English    Türkçe    فارسی   

1
1537-1561

  • Tanrı Kur’an’ına kaçar, sığınırsan Peygamberlerin ruhlarına karışırsın.
  • Kur’an; Peygamberlerin, Tanrı’nın temiz ululuk denizindeki balıkların halleridir.
  • Fakat okur da dediğini tutmazsan farzet ki peygamberleri, velileri görmüşsün (inanmadıktan onlara uymadıktan sonra ne fayda !).
  • Kur’an’ın hükümlerini tutar, kıssalarından hisse alırsan can kuşuna ten kafesi dar gelir. 1540
  • Kafeste mahpus olan kuşun kurtulmak istememesi cahilliktendir.
  • Kafeslerden kurtulan ruhlar, Tanrı’ya lâyık ve halka rehber olan peygamberlerdir.
  • Onların sesleri, kafeslerin dışından ve din makamından gelir: “Sana kurtuluş yolu ancak budur, bu!
  • Biz bu daracık kafesten bununla kurtulduk. Bu kafesten kurtulmanın bundan başka çaresi yok!
  • Kazandığın şöhretten kurtulman için inleyip duran bir hasta haline gir! 1545
  • Zaten halk arasında meşhur olmak, sağlam bir bağdır. Bu bağ bu yolda demir bir bağdan aşağı mıdır ki?”
  • Bir tâcirin ticaret için Hindistan’a gitmesi ve mahpus dudusunun, onunla Hindistan dudularına haber yollaması
  • Bir tacirin bir dudusu vardı, kafeste hapsedilmiş, güzel bir duduydu.
  • Tacir, Hindistan’a gitmek üzere yol hazırlığına başladı.

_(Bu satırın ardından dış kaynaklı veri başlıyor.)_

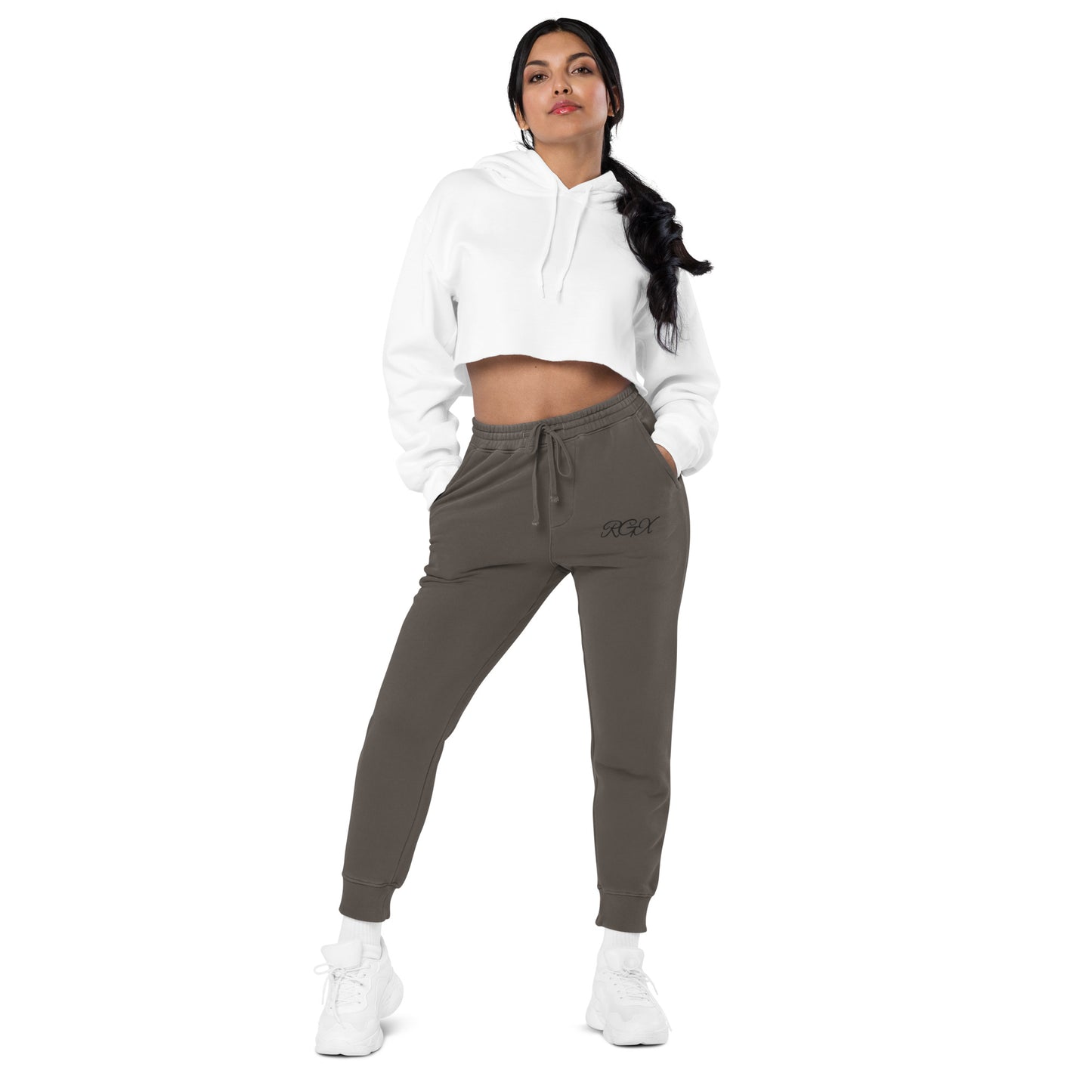 Black logo pigment-dyed sweatpants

  • Kerem ve ihsan dolayısıyla, kölelerinin, cariyeciklerinin her birine “Çabuk söyle, sana Hindistan’dan ne getireyim?” dedi.
  • Her birisi ondan bir şey diledi. O iyi adam hepsine, istediklerini getireceğini vadetti. 1550
  • Duduya da “Sen ne armağan istersin, sana Hindistan elinden ne getireyim?” dedi.
  • Dudu dedi ki: “Oradaki duduları görünce benim halimi anlat.
  • De ki: Sizin müştakınız olan filan dudu, Tanrı’nın takdiriyle bizim mahpusumuzdur.
  • Size selâm söyledi, yardım istedi; sizden bir çare, bir kurtuluş yolu diledi.
  • Dedi ki: Reva mıdır ben iştiyakınızla gurbet elde can vereyim. 1555
  • Sıkı bir hapis içinde olayım da siz gâh yeşilliklerde, gâh ağaçlarda zevk ve sefa edesiniz.
  • Dostların vefası böyle mi olur? Ben şu hapis içindeyim, siz gül bahçelerinde.
  • Ey Ulular! Bir seher çağı şarap meclisinde bu inleyen garibi de hatırlayın!
  • Dostların sevgiliyi anması, sevgiliye ne mutludur. Hele anan ve anılanın biri Leylâ, öbürü Mecnun olursa.
  • Ey güzel endamlı sevgilinin mahremleri! Kendi kanımla doldurduğum peymaneleri içmem reva mı? 1560
  • Sevgili! Bana da bir nasip vermek istersen beni anarak bir kadeh iç!